Dopo due anni di iter contrastato e numerose versioni, il Consiglio comunale ha approvato il primo Piano della Mobilità Ciclabile (PMC). Dall’analisi del documento (252 pagine), emerge che il PMC si propone l’obiettivo di incrementare dell’1.5% annuo la quota ciclistica sull’insieme degli spostamenti (oggi la mobilità ciclistica è il 10.38%). A tale scopo, vengono previste molteplici misure per aumento la sicurezza stradale, eliminare criticità e carenze nella rete, incrementare la rete ciclo-pedonale, riconnettere i percorsi frammentati, realizzare Zone a 30 km/h.
Purtroppo, rispetto agli obiettivi prefissati, il PMC appare uno strumento spuntato in due elementi chiave: la prevedibile inefficacia degli interventi previsti e la scarsità delle risorse.
Come è possibile, ad esempio, ridurre gli incidenti agli incroci e alle rotatorie limitandosi a disseminarli di ‘segnalatori luminosi’? Come mai mancano ancora le ciclabili in alcune strade pericolose, come Vignolese ed Emilia? Alcuni progetti appaiono giochi di prestigio: un segnalatore luminoso qui, una chicane là, un cambio di segnaletica più avanti… come se il ciclista fosse uno strano animale cui puoi chiedere tutto. Il discorso delle zone a 30 km/h suscita più perplessità che soddisfazione: oltre ad essere poche, sono scollegate. Assenti interventi per illuminare tratti ciclabili insicuri di notte.

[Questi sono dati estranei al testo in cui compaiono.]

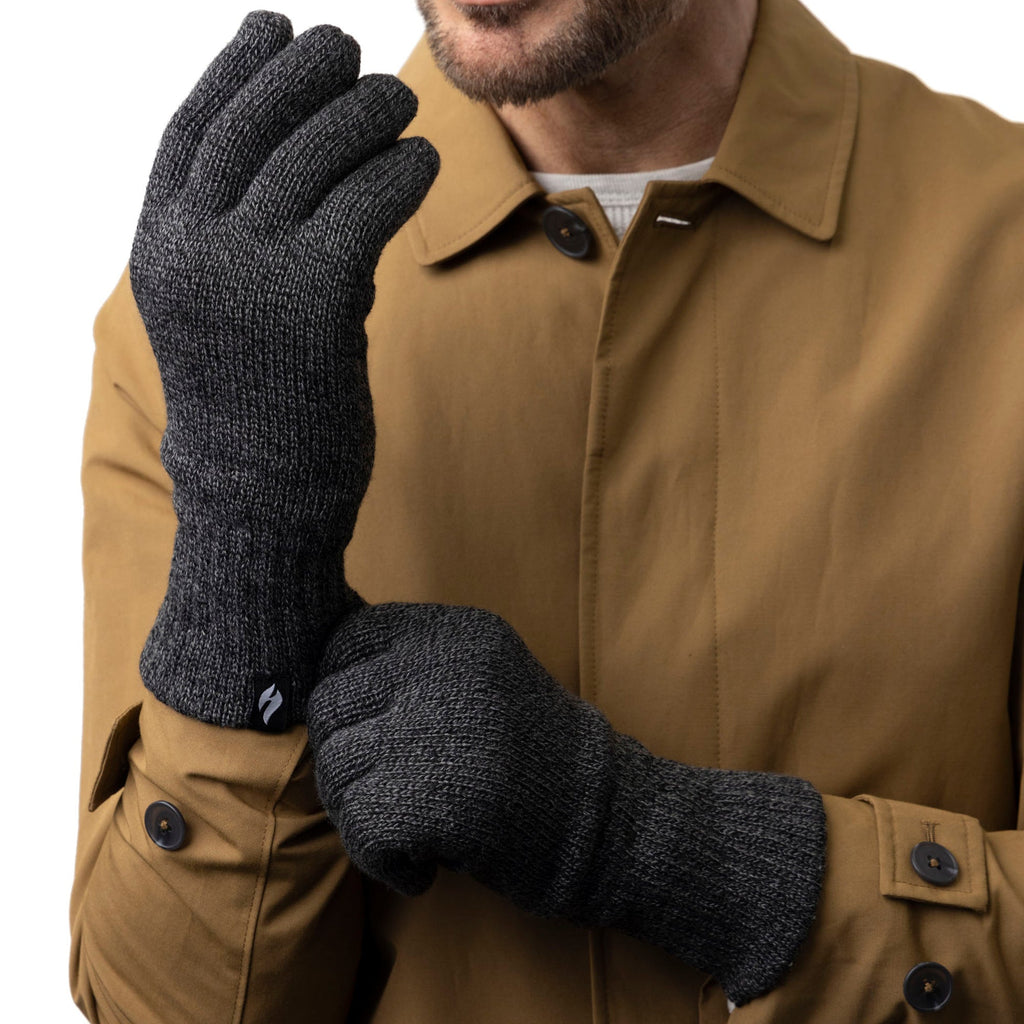 die wärmsten handschuhe herren Herren Arvid Original Handschuhe – Anthrazit – Heat Holders EU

Quasi tutti gli interventi previsti nella fase 2016-18 del PMC sono già in corso o progettati (salvo una quota di valore pari a 0.77 mil, non coperta da risorse). I 15.3 mil della fase futura sono iscritti nel libro dei sogni.
I ciclisti modenesi potranno davvero avvertire una maggiore sicurezza nelle strade e spostarsi fiduciosi ed ottimisti con questo mezzo semplice, efficiente e maledettamente poetico?